Al golpear a una comunidad que no es capaz ni siquiera de luchar por sus derechos, las/os activistas creen que la forma en que los medios y la policía han reaccionado ante el asesinato de Pushkin Chandra no deja lugar para el pluralismo o la aceptación. “Han hecho retroceder la lucha de la comunidad gay por lo menos en diez años. El Artículo 377 del Código Penal indio ha sido un obstáculo para nuestro trabajo en SIDA. Nos preocupa qué impacto va a tener todo esto en la petición que hemos presentado ante el Tribunal Superior contra el Artículo. La audiencia es en septiembre y el gobierno tiene que enviar su respuesta para entonces. Nos preocupa cómo todo esto va a afectar el caso”, manifestó Anjali Gopalan, de la Naz Foundation.

La ocasión fue también propicia para hablar acerca del miedo constante con que viven las personas que desean a otras de su mismo sexo. “Estos últimos días han sido muy violentos para mí. Me sentí hostigado porque cuando dicen todas esas cosas tan estereotipadas acerca de la comunidad gay, están hablando de mí. Es una pérdida de espacios seguros en una sociedad que es extremadamente homofóbica. No puedo caminar por la calle después del asesinato. Esas notas periodísticas tienen un impacto real sobre mi vida y están sacudiendo las raíces de mi existencia”, afirmó Ashish, un abogado gay.

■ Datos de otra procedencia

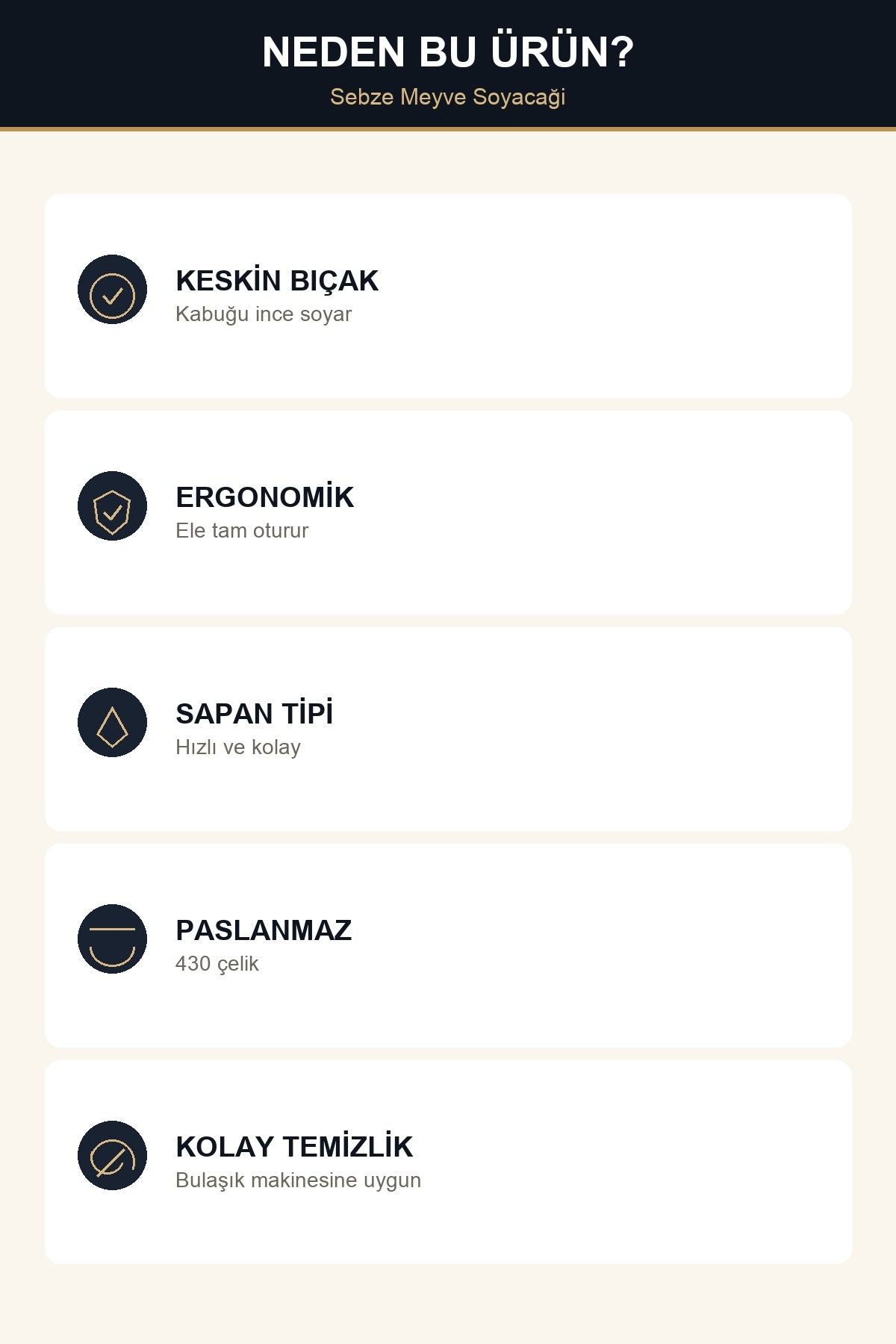 Sapan Tipi Soyacak Paslanmaz Çelik Bıçaklı Ergonomik Meyve Sebze Patat Beyaz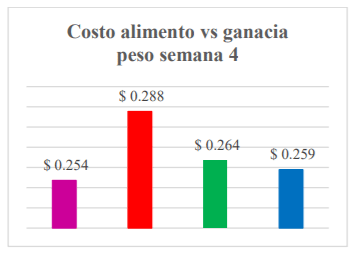 Costo alimentación VS ganancia de peso semana 4.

Y para otras personas, ha significado la pérdida de su intimidad: “La policía se ha metido en la vida privada de muchísima gente y se los han llevado para interrogarlos aun cuando no habían asistido a la fiesta. Les han hecho muchísimas preguntas innecesarias acerca de sus preferencias sexuales, que no tenían nada que ver con la investigación”, dijo Shaleen Rakesh, de la Naz Foundation.